While, for purposes of simplicity of explanation, the method is shown and described as executing serially, it is to be understood and appreciated that the method is not limited by the illustrated order, as parts of the method could occur in different orders and/or concurrently from that shown and described herein. Such method can be executed by various components and executed by an integrated circuit, computer, or a controller, for example.

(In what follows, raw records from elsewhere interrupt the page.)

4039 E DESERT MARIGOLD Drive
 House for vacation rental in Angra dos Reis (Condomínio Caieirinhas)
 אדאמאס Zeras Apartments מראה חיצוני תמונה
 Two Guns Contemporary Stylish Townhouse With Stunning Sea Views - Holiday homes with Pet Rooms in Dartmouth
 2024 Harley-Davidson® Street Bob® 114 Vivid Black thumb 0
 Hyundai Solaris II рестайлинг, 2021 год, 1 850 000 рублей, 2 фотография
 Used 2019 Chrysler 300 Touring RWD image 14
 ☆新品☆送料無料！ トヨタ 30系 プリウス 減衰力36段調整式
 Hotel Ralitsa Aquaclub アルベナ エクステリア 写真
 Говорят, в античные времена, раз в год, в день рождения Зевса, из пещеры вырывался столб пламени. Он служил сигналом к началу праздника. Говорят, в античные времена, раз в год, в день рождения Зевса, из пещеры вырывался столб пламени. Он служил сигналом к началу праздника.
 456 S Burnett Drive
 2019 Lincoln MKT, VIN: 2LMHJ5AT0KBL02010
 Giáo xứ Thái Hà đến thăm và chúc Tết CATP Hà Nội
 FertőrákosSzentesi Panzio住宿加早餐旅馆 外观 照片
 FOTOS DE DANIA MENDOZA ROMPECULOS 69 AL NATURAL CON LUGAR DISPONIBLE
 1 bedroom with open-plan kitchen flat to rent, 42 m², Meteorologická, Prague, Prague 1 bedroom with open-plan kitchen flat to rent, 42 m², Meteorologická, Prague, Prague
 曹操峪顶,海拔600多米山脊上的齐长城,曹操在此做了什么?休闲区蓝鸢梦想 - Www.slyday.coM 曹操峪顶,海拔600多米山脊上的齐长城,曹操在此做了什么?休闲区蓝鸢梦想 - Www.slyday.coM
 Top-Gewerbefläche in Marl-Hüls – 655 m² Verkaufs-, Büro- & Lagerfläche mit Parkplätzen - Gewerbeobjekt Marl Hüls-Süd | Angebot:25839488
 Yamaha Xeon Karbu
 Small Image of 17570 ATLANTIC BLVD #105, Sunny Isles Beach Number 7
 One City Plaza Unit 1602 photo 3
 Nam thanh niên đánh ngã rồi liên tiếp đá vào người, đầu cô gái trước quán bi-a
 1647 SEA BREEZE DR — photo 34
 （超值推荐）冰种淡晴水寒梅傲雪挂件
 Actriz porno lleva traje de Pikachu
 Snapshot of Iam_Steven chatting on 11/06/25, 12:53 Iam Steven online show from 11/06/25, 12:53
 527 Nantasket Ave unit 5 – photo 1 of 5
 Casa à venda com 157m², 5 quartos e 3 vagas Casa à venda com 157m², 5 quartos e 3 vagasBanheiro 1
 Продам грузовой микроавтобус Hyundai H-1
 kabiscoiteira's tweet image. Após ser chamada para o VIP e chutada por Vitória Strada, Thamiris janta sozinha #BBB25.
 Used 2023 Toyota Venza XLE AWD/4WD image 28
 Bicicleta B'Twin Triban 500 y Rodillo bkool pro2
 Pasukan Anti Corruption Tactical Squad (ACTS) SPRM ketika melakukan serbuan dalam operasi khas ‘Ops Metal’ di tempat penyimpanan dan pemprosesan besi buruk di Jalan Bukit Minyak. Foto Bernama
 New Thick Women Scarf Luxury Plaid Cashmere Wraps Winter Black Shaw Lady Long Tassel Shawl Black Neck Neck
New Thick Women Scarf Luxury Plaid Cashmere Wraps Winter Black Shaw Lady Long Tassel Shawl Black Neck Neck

[00026] FIG. 4 illustrates an example of a method 400 for reading data from a resistive memory cell utilizing a varying sensing voltage applied to the cell. At 410, the method 400 includes applying a voltage ramp to a resistive memory cell (e.g., via sensing circuit 130 and ramp generator 120 of FIG. 1 ). At 420, the method 400 includes monitoring a current output received from the resistive memory cell in response to the applied voltage ramp (e.g., via sensing circuit 130). At 430, the method 400 includes comparing the current output to a predetermined low current threshold and a predetermined high current threshold to determine the state of the resistive memory cell (e.g., via sensing circuit 130). The comparison at 430 can be employed to measure a rise time of the current output with respect to the applied ramp voltage. For instance, the method 400 can also include determining an LRS if the current output reaches the high current threshold before a logic event

propagates through a delay line. The state of the resistive memory cell is

determined as a high resistance state (HRS) if a logic event (corresponding to the current output reaching a low current threshold) propagates though the delay line before the current output reaches the high current threshold.

[00027] FIG. 5 illustrates an example of an alternative circuit 500 for reading data from a resistive memory cell 510 utilizing a varying sensing voltage applied to the cell. The circuit 500 includes a resistive memory cell a ramp generator 520 to apply a voltage ramp (VRAMP) to the resistive memory cell 510. A current threshold circuit 530 receives a current output (IOUT) from the resistive memory cell 510 in response to the voltage ramp VRAMP. The current threshold circuit 530 compares the current output IOUT from the resistive memory cell 510 to a high threshold current and a low threshold current, for example. A delay line 540 delays a logic event signal corresponding to the current output IOUT reaching the low threshold current. A logic circuit 550 receives the logic event signal via the delay line 540 in response to the current output IOUT reaching the low threshold current. The logic circuit 550 determines a state of the resistive memory cell 510 as one resistance state if the current output IOUT reaches the low threshold current before the logic event propagates through the delay line 540. The logic circuit 550 determines the state of the resistive memory cell 510 as another resistance state if the logic event propagates though the delay line 5409 before the current output IOUT reaches a high threshold current.

[00028] What have been described above are examples. It is, of course, not possible to describe every conceivable combination of components or methods, but one of ordinary skill in the art will recognize that many further combinations and permutations are possible. Accordingly, the invention is intended to embrace all such alterations, modifications, and variations that fall within the scope of this application, including the appended claims. Additionally, where the disclosure or claims recite "a," "an," "a first," or "another" element, or the equivalent thereof, it should be interpreted to include one or more than one such element, neither requiring nor excluding two or more such elements. As used herein, the term "includes" means includes but not limited to, and the term "including" means including but not limited to. The term "based on" means based at least in part on.